The Psychological Impact of Cosmetic Dentistry — What the Research Shows
Sceptics of cosmetic dentistry sometimes suggest that improving the appearance of teeth is superficial — that genuine wellbeing comes from inner qualities, not appearance. There is something to this view. But the research on smile satisfaction and quality of life tells a more nuanced story.
Multiple studies in dental and psychological literature have found that patients who are dissatisfied with the appearance of their smile report lower self-esteem, higher social anxiety, and avoidance behaviours — including avoiding professional networking events, declining to appear in photographs, and reduced confidence in romantic relationships. When these patients receive cosmetic dental treatment, the improvements in self-reported confidence and social engagement are significant and durable.
At Tower Dental, we see this in practice every day. The patient who arrives covering her mouth when she laughs, who smiles with lips pressed together in photographs, who tells us she has been thinking about this for years but "could never justify it" — the transformation in her demeanour and confidence after treatment is unmistakeable. That is not superficial. That is a meaningful improvement in a person's quality of life, and it is something we are genuinely proud to be part of.
Choosing a Cosmetic Dentist in Blackpool — What to Look For
Because "cosmetic dentist" is not a protected title in the UK, patients need to apply their own quality filters when choosing a cosmetic dental provider in Blackpool. Here are the questions that distinguish genuinely skilled cosmetic practices from those with primarily commercial interests:
Can you see a portfolio of actual patient results? Any practice confident in its cosmetic work should be willing to show before and after cases — either in person or documented with the patient's consent. Be cautious of portfolios where every result looks identical (a sign of a single technique applied regardless of individual patient needs) or where stock photography is used.

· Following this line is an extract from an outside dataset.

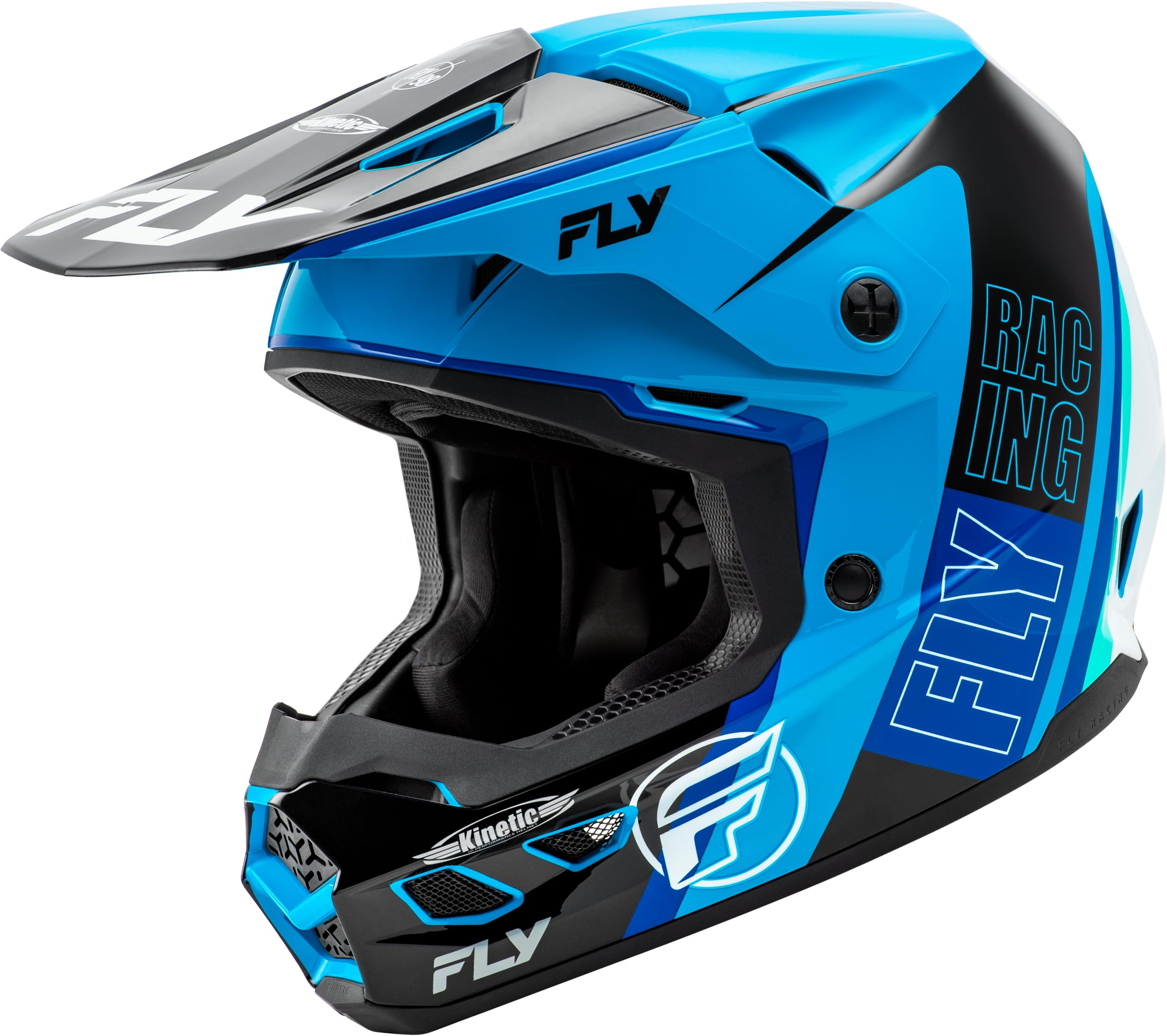 کلاه آفرود شکاری بزرگسالان Fly Racing Adult Kinetic Rally (آبی/سیاه/سفید، ایکس-لارج) XL آبی/سیاه/سفید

What qualifications does the treating dentist hold? GDC registration is the baseline — it confirms basic dental qualification but not cosmetic specialisation. Look for postgraduate qualifications from credible institutions: MJDF or MFDS from a Royal College, membership of the British Academy of Cosmetic Dentistry, or documented postgraduate training programmes in aesthetic dentistry.
Do they recommend against treatment sometimes? A cosmetic dentist with genuine patient interests at heart will sometimes tell a patient that the treatment they want is not appropriate, or that a different approach would serve them better. A practice that agrees with every patient's self-diagnosis and recommends the most expensive treatment to every enquirer is prioritising revenue over patient care.
Tower Dental Blackpool meets all of these criteria. Our team's qualifications are stated clearly. We tell patients honestly when a different treatment would serve them better. And our 4.9-star rating across 340+ verified Google reviews reflects the genuine experience of real patients — not curated testimonials. We would rather earn your trust over time than close a sale on the first appointment.